State growth threatens long-term sustainability. As L2s process more transactions, state size grows unbounded. State rent, expiry, and statelessness proposals exist but lack consensus on implementation.

Proving costs for ZK rollups remain substantial. Generating proofs for complex computations is expensive, limiting update frequency and increasing latency. Hardware acceleration and proof aggregation help but haven’t fully solved the problem.

The current state of Ethereum scaling enables primitives that were technically impossible or economically unviable just two years ago.
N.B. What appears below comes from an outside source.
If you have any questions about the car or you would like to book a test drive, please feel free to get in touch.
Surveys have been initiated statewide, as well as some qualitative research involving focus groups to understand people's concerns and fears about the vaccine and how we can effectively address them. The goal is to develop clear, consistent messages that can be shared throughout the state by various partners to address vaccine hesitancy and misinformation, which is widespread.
• Decentralized capital markets have become the most exciting use case, enabling users to easily trade stocks, commodities, FX rates and more on-chain, plus their integration into DeFi protocols.

• Decentralized social networks become feasible when posting costs pennies, not dollars. Lens Protocol and Farcaster show early promise, though they’re still finding product-market fit.
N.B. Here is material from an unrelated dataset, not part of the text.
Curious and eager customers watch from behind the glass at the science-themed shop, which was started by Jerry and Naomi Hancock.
• Micro-transactions unlock new business models. Streaming payments, pay-per-use APIs, and granular resource pricing become practical when transaction fees are negligible.
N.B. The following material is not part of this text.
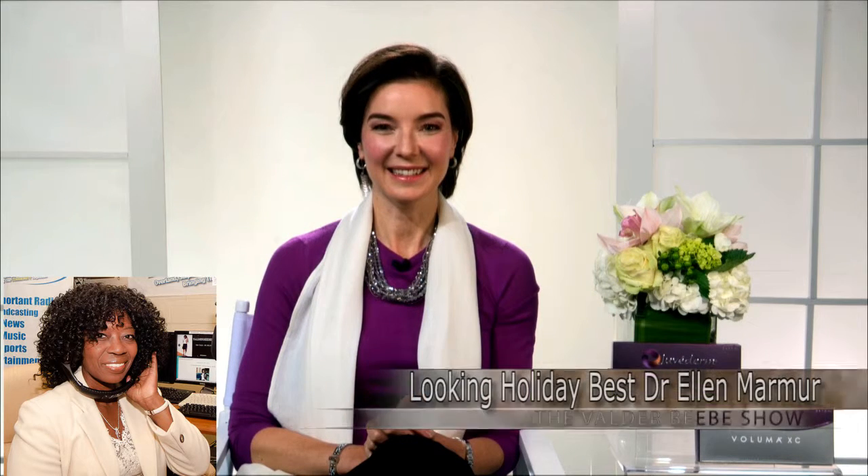Doctor, thank you so very much. Those are very interesting facets of a product. Once again, the product is called Juvederm. Where would you like to send my audience? Juvederm.com. Thank you so very much, and happy holidays to you. Happy holidays. Thank you.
And yes, oracles can finally go fully on-chain – and at DIA have already shipped the first fully onchain, rollup-based oracle. The original vision of transparent, verifiable data feeds was always constrained by L1 economics. With L2 scaling, oracles can publish every price update, show every data source, and make every computation auditable, delivering on blockchain’s promise of transparency for external data. This isn’t about any particular oracle provider winning; it’s about the entire category becoming what it was always meant to be.

Ethereum scaling has reached a crucial milestone: it works. Not perfectly, not completely, but well enough that the conversation has shifted from “can we scale?” to “how do we optimize?”

Layer 2s process the majority of transactions at costs that make blockchain accessible to mainstream users. The infrastructure is production-ready, battle-tested, and improving rapidly. EIP-4844 proved that transformative upgrades can ship successfully. The modular stack provides flexibility for different trust models. Real-time networks push the boundaries of what’s possible.

Yes, alternative L1s offer simpler user experiences without fragmentation. Solana’s unified state and Hyperliquid’s integrated stack show the appeal of monolithic design. But Ethereum’s modular approach enables a Cambrian explosion of experimentation, different VMs, different consensus mechanisms, different trust assumptions, all inheriting Ethereum’s security. The market will ultimately decide whether flexibility or simplicity wins.

Is Ethereum scaling “done”? No, and it never will be. Technology doesn’t reach a finish line; it continues evolving to meet new demands and enable new possibilities. But Ethereum scaling is undeniably real, foundational, and entering its next phase.

The experimental era is over. The building era has begun. The infrastructure can now support applications we’re only beginning to imagine, and the Robinhood Chain is probably one of the best examples today. That’s not an ending, it’s finally the real beginning.